• Instructions for the task
Once you find the line containing "Jared Ward training" in the data below, copy it and each following line exactly, up to and including the line containing "建物の傍らに広い駐車場がある", and nothing else.

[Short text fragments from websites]
※ ※ ※
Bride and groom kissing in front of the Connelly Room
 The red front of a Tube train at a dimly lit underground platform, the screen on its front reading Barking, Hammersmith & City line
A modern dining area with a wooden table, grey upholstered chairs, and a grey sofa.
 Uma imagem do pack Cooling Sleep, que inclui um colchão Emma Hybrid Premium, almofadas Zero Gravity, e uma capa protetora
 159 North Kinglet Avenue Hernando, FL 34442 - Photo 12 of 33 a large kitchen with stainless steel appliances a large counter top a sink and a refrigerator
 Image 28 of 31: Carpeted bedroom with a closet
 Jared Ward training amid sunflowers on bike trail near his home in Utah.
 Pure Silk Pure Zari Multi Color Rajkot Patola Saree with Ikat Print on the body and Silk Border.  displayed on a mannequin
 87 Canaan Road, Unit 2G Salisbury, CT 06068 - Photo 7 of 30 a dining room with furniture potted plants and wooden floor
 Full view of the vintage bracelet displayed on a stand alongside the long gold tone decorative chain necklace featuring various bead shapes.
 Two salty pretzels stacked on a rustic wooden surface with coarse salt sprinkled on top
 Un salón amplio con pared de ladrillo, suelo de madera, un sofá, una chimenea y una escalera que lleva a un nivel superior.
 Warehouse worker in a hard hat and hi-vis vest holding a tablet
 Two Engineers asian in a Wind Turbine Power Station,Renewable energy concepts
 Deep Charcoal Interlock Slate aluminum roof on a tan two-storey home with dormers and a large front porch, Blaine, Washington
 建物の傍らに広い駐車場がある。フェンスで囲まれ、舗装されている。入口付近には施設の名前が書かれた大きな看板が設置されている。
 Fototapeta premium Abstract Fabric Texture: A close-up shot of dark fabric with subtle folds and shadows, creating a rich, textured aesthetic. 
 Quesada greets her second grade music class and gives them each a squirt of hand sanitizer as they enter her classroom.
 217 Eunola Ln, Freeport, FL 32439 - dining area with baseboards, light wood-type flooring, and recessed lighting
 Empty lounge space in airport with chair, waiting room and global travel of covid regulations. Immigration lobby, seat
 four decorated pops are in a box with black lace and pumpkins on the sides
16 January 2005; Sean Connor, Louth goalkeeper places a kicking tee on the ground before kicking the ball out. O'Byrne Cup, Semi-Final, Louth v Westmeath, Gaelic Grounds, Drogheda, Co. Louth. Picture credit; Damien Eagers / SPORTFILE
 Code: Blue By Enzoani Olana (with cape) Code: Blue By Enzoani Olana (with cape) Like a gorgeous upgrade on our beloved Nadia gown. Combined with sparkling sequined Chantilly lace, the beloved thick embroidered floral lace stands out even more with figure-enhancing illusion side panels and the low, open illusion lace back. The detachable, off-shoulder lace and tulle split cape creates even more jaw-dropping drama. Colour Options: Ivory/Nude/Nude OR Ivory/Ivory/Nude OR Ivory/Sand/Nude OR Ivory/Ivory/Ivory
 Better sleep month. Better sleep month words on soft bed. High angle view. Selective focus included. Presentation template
※ ※ ※
• Answer box
 Jared Ward training amid sunflowers on bike trail near his home in Utah.
 Pure Silk Pure Zari Multi Color Rajkot Patola Saree with Ikat Print on the body and Silk Border.  displayed on a mannequin
 87 Canaan Road, Unit 2G Salisbury, CT 06068 - Photo 7 of 30 a dining room with furniture potted plants and wooden floor
 Full view of the vintage bracelet displayed on a stand alongside the long gold tone decorative chain necklace featuring various bead shapes.
 Two salty pretzels stacked on a rustic wooden surface with coarse salt sprinkled on top
 Un salón amplio con pared de ladrillo, suelo de madera, un sofá, una chimenea y una escalera que lleva a un nivel superior.
 Warehouse worker in a hard hat and hi-vis vest holding a tablet
 Two Engineers asian in a Wind Turbine Power Station,Renewable energy concepts
 Deep Charcoal Interlock Slate aluminum roof on a tan two-storey home with dormers and a large front porch, Blaine, Washington
 建物の傍らに広い駐車場がある。フェンスで囲まれ、舗装されている。入口付近には施設の名前が書かれた大きな看板が設置されている。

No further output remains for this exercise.